«…все произошло на интуитивном уровне… я абсолютно не интересуюсь подобного рода литературой – что-то буквально заставило меня приобрести вашу книгу. Татьяна Николаевна, я, а потом моя жена были буквально потрясены вашей исповедью. Я профессиональный писатель, член всех творческих союзов, но… все это не важно. Важно то, что ваша книга достала меня. Ах, какая вы умница! Ах, как вам удалось переложить на слова то, что сегодня почти разучились делать: так написать о своей любви! Под вашим пером живет вся и все. Вам удалось взять словом засловесную неуловимую сущность пережитой вами жизни и человеческих отношений в ней. После того, что произошло с вами, вы чудом не потеряли того, что было и есть в вас, и не остались в пустоте, которую не заполнить никакими воспоминаниями. То, чем вас наградил Господь, физики называют „плотностью зоркости“. И вы почти стереоскопично показали всю эту мразь, в которой вам пришлось побарахтаться. И что самое интересное, ваша любовь к Андрею оберегла вас от срыва в „сведение счетов“, И ваши оценки всех этих Галош, Чеков, Шармёров и прочих не подлежат сомнению. И несводимы ничем. Я убежден, что ваша книга наделала грохоту в столице. Я убежден, что вы своей любовью крепенько отхлестали того же Ширвиндта. Не мне вам говорить, что мы живем в сфере всепроникающего присутствия и нарастания абсурда, спорадически возникающего в самых, казалось бы, устойчивых сферах человеческого бытия.
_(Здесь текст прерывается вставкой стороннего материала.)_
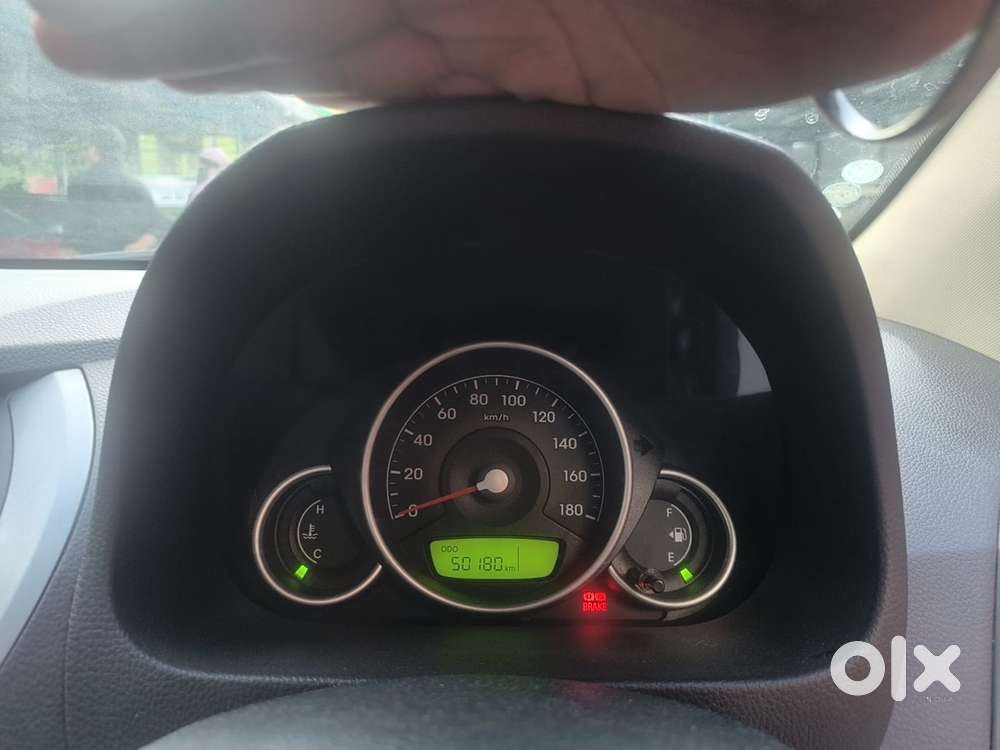 Hyundai Eon Magna, 2018, Petrol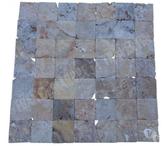 Travertin Scabos 10x10 cm REF 1890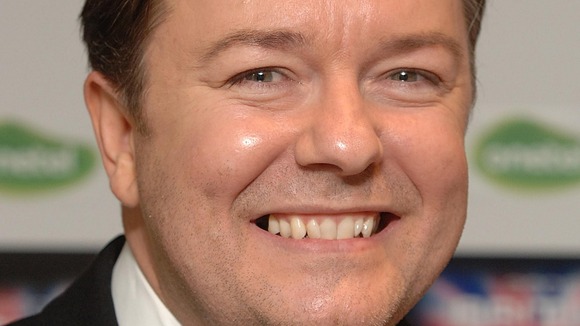 Ricky Gervais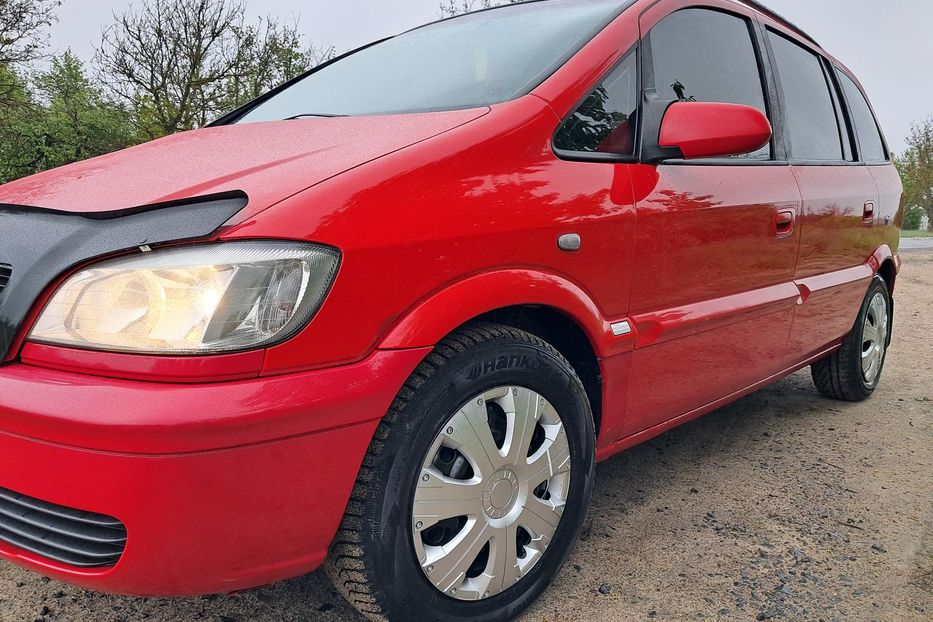 Продам Opel Zafira 2.2DTI 2004 года в г. Гайсин, Винницкая область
Татьяна Николаевна, я вам пишу это письмо в самом конце и века, и тысячелетия. Пусть завтрашнее Новое ничем не обидит вас. Я желаю вам в этом Новом – Лета, Света, Привета и Слова, навсегда освободившегося от так называемых – общественного мнения и здравого смысла. Приезжайте в Ригу, мы с женой будем счастливы хоть чем-нибудь, да помочь вам.
До свидания, Татьяна Николаевна. Удачи вам и воли к ней».
Вот, Андрюшенька, какие слова нам пишут умные и добрые люди из Риги, из нашего мистического города, где мы встретились и где расстались… Оказывается, любовью к тебе можно отхлестать, вот почему такой взрыв бешенства, негодования, визга – когда хлещут, конечно, больно.
Как я всем моим читателям благодарна за добрые и умные слова, оценки, порывы, слезы над страницами книги, за ваше «спасибо», в котором слышно биение сердца! Мне это важно, потому что эта книга – о тебе, Андрюша…
А в официальной прессе – все наоборот.
Все рецензии пестрят словами – трусы, любовница, ширинка, – как можно писать такую гадость, словесный мусор, мерзость мерзостей и т.п.!
Через несколько месяцев после выхода книги можно видеть по газетным рецензиям, как создается кампания и сознательно и упорно формируется общественное мнение. Этот прием мы тоже знаем – дать по морде, чтобы привить общий принцип.
Уже ноябрь – хмурый, серый, холодный… Я перебираю годы своей жизни – ведь скоро 13-е число, когда не стало дорогой Марьи. За год до этого она была в правительственном санатории «Барвиха». Скучала, звонила мне по нескольку раз в день. Однажды звонок:
– Таня, мне сегодня делали эхограмму. Вы знаете, что это такое? Тебе на спину вешают какой-то «рюкзак», я ко всему подключена, и так, с этим «рюкзаком», надо топать полдня.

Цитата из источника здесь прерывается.